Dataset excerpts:
----

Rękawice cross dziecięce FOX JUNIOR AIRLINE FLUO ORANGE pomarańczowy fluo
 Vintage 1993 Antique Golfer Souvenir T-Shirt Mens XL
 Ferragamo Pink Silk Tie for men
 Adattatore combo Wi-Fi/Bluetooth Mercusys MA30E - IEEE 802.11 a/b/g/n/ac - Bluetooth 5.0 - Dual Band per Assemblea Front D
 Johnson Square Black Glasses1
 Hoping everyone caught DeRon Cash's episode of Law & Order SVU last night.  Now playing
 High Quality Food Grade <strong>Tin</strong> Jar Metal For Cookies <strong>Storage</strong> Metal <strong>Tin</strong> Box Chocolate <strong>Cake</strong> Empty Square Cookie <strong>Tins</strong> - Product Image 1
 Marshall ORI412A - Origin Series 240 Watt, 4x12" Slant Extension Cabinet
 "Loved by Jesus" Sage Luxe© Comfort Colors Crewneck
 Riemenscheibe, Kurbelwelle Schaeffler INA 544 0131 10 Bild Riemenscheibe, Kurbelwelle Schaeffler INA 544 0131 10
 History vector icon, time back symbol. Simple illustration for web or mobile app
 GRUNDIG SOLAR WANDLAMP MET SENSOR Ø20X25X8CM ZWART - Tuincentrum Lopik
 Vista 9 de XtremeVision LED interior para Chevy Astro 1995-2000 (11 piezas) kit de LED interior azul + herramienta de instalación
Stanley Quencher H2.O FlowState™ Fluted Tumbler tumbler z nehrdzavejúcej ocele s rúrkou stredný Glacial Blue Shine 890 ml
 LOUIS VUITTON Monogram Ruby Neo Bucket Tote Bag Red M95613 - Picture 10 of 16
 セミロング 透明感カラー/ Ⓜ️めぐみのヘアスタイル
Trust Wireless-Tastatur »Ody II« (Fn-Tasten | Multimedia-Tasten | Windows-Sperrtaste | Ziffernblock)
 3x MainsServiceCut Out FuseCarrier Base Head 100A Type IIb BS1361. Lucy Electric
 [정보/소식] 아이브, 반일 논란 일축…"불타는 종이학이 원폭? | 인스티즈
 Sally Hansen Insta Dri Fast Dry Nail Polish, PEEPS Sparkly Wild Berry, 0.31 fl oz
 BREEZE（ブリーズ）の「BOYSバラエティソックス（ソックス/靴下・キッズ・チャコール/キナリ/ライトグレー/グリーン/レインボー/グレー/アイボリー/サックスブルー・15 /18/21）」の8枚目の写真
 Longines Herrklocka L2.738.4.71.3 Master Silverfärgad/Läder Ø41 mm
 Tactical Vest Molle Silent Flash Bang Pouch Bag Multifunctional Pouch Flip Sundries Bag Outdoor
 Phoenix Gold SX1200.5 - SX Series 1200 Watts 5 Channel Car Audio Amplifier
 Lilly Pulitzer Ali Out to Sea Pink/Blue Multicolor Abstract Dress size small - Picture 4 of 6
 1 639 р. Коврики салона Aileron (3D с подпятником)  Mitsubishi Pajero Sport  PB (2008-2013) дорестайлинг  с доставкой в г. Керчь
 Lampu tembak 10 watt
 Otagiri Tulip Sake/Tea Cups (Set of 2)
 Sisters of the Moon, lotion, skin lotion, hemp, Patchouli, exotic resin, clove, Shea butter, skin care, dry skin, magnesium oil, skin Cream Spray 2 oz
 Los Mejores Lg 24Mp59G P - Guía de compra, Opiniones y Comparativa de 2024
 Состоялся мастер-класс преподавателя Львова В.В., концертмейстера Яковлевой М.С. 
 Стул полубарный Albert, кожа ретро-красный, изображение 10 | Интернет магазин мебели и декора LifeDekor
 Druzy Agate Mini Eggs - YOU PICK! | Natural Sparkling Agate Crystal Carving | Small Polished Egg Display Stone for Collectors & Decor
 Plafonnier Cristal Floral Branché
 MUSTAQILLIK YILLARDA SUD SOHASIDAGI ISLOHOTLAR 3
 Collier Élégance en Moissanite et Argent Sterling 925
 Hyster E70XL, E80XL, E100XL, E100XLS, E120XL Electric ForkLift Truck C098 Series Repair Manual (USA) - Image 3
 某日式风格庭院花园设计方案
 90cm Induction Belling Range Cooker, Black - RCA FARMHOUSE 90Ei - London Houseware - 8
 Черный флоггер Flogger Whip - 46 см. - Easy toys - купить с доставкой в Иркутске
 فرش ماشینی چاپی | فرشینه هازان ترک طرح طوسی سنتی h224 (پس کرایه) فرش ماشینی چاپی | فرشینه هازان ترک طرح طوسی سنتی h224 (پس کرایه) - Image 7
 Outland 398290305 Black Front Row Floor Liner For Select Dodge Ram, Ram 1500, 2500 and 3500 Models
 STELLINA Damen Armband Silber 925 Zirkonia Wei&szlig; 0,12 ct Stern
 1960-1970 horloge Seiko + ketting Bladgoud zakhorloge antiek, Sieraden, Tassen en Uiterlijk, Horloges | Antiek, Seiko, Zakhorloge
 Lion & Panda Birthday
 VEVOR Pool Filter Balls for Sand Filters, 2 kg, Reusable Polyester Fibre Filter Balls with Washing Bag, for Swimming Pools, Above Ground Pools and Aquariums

----

Once you have read the entries above, copy them out exactly as they were given.

§ **Response to this exercise**
Rękawice cross dziecięce FOX JUNIOR AIRLINE FLUO ORANGE pomarańczowy fluo
 Vintage 1993 Antique Golfer Souvenir T-Shirt Mens XL
 Ferragamo Pink Silk Tie for men
 Adattatore combo Wi-Fi/Bluetooth Mercusys MA30E - IEEE 802.11 a/b/g/n/ac - Bluetooth 5.0 - Dual Band per Assemblea Front D
 Johnson Square Black Glasses1
 Hoping everyone caught DeRon Cash's episode of Law & Order SVU last night.  Now playing
 High Quality Food Grade <strong>Tin</strong> Jar Metal For Cookies <strong>Storage</strong> Metal <strong>Tin</strong> Box Chocolate <strong>Cake</strong> Empty Square Cookie <strong>Tins</strong> - Product Image 1
 Marshall ORI412A - Origin Series 240 Watt, 4x12" Slant Extension Cabinet
 "Loved by Jesus" Sage Luxe© Comfort Colors Crewneck
 Riemenscheibe, Kurbelwelle Schaeffler INA 544 0131 10 Bild Riemenscheibe, Kurbelwelle Schaeffler INA 544 0131 10
 History vector icon, time back symbol. Simple illustration for web or mobile app
 GRUNDIG SOLAR WANDLAMP MET SENSOR Ø20X25X8CM ZWART - Tuincentrum Lopik
 Vista 9 de XtremeVision LED interior para Chevy Astro 1995-2000 (11 piezas) kit de LED interior azul + herramienta de instalación
Stanley Quencher H2.O FlowState™ Fluted Tumbler tumbler z nehrdzavejúcej ocele s rúrkou stredný Glacial Blue Shine 890 ml
 LOUIS VUITTON Monogram Ruby Neo Bucket Tote Bag Red M95613 - Picture 10 of 16
 セミロング 透明感カラー/ Ⓜ️めぐみのヘアスタイル
Trust Wireless-Tastatur »Ody II« (Fn-Tasten | Multimedia-Tasten | Windows-Sperrtaste | Ziffernblock)
 3x MainsServiceCut Out FuseCarrier Base Head 100A Type IIb BS1361. Lucy Electric
 [정보/소식] 아이브, 반일 논란 일축…"불타는 종이학이 원폭? | 인스티즈
 Sally Hansen Insta Dri Fast Dry Nail Polish, PEEPS Sparkly Wild Berry, 0.31 fl oz
 BREEZE（ブリーズ）の「BOYSバラエティソックス（ソックス/靴下・キッズ・チャコール/キナリ/ライトグレー/グリーン/レインボー/グレー/アイボリー/サックスブルー・15 /18/21）」の8枚目の写真
 Longines Herrklocka L2.738.4.71.3 Master Silverfärgad/Läder Ø41 mm
 Tactical Vest Molle Silent Flash Bang Pouch Bag Multifunctional Pouch Flip Sundries Bag Outdoor
 Phoenix Gold SX1200.5 - SX Series 1200 Watts 5 Channel Car Audio Amplifier
 Lilly Pulitzer Ali Out to Sea Pink/Blue Multicolor Abstract Dress size small - Picture 4 of 6
 1 639 р. Коврики салона Aileron (3D с подпятником)  Mitsubishi Pajero Sport  PB (2008-2013) дорестайлинг  с доставкой в г. Керчь
 Lampu tembak 10 watt
 Otagiri Tulip Sake/Tea Cups (Set of 2)
 Sisters of the Moon, lotion, skin lotion, hemp, Patchouli, exotic resin, clove, Shea butter, skin care, dry skin, magnesium oil, skin Cream Spray 2 oz
 Los Mejores Lg 24Mp59G P - Guía de compra, Opiniones y Comparativa de 2024
 Состоялся мастер-класс преподавателя Львова В.В., концертмейстера Яковлевой М.С. 
 Стул полубарный Albert, кожа ретро-красный, изображение 10 | Интернет магазин мебели и декора LifeDekor
 Druzy Agate Mini Eggs - YOU PICK! | Natural Sparkling Agate Crystal Carving | Small Polished Egg Display Stone for Collectors & Decor
 Plafonnier Cristal Floral Branché
 MUSTAQILLIK YILLARDA SUD SOHASIDAGI ISLOHOTLAR 3
 Collier Élégance en Moissanite et Argent Sterling 925
 Hyster E70XL, E80XL, E100XL, E100XLS, E120XL Electric ForkLift Truck C098 Series Repair Manual (USA) - Image 3
 某日式风格庭院花园设计方案
 90cm Induction Belling Range Cooker, Black - RCA FARMHOUSE 90Ei - London Houseware - 8
 Черный флоггер Flogger Whip - 46 см. - Easy toys - купить с доставкой в Иркутске
 فرش ماشینی چاپی | فرشینه هازان ترک طرح طوسی سنتی h224 (پس کرایه) فرش ماشینی چاپی | فرشینه هازان ترک طرح طوسی سنتی h224 (پس کرایه) - Image 7
 Outland 398290305 Black Front Row Floor Liner For Select Dodge Ram, Ram 1500, 2500 and 3500 Models
 STELLINA Damen Armband Silber 925 Zirkonia Wei&szlig; 0,12 ct Stern
 1960-1970 horloge Seiko + ketting Bladgoud zakhorloge antiek, Sieraden, Tassen en Uiterlijk, Horloges | Antiek, Seiko, Zakhorloge
 Lion & Panda Birthday
 VEVOR Pool Filter Balls for Sand Filters, 2 kg, Reusable Polyester Fibre Filter Balls with Washing Bag, for Swimming Pools, Above Ground Pools and Aquariums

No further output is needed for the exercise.